Vocalist and bass player Alan Barry had departed after their eponymous debut album in order to pursue a solo career (he would show up again in 1977, as part of EMI-signed soft rockers King Harry), and former Supertramp man Frank Farrell (who’d played on the Indelibly Stamped album) was drafted in in his stead. Then, as the new line-up were three-quarters of the way through recording a follow-up, an American management team were deployed to CBS Records in London. The British incumbents were promptly shown the door, and Fields were unceremoniously dropped, the tapes shelved and left to gather dust for more than four decades.
Contrasts: Urban Roar To Country Peace is ostensibly a concept album charting keyboard player Graham Field’s relocation from Battersea to the Buckinghamshire village of Iver (the album starts with police sirens, proceeds via chugging steam train, and by album closer Storm the birds are twittering). It’s not the grandest of concepts, perhaps, but it suits the pastoral, occasionally folksy feel of the album.
Opener Let Her Sleep features plenty of classically-inspired Keith Emersonisms, Andy McCulloch’s scattergun drumming is inspired throughout, but it’s actually the less proggy moments that impress most.

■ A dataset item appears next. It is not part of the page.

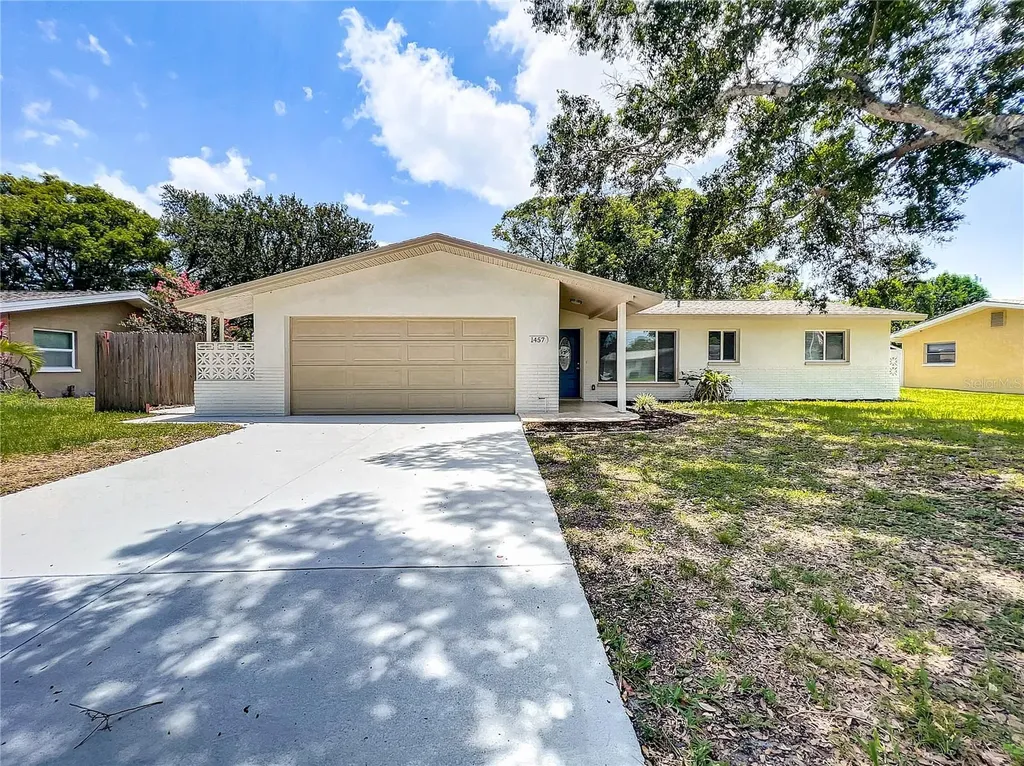 1457 S Duncan Avenue Clearwater FL 33756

Someone To Trust is mournful, beautifully composed blues that hits the middle ground between All Things Must Pass-era George Harrison and John Lennon at his most fraught, and is absolutely gorgeous. And The Old Canal, a wistful piano ballad backed by wandering violin, is similarly lovely.
On the downside, Farrell’s vocals on Wedding Bells are stretched beyond what’s naturally comfortable for him, and the three newly-discovered demo tracks tacked onto the end of the release don’t really add much. But these are minor quibbles: Contrasts is clearly an album that deserved to be released first time round.